ENTRIES SUPPLIED =
· · · · · · ·
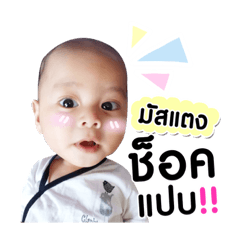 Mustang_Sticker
· · · · · · ·
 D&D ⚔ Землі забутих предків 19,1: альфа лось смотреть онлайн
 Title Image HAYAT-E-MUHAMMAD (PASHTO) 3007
· · · · · · ·
WORK INSTRUCTION = Restate word for word only the lines above from the line containing "D&D ⚔ Землі" to the line containing "Title Image HAYAT-E-MUHAMMAD (PASHTO) 3007", both of them included.

RESULT OF THIS EXERCISE =
 D&D ⚔ Землі забутих предків 19,1: альфа лось смотреть онлайн
 Title Image HAYAT-E-MUHAMMAD (PASHTO) 3007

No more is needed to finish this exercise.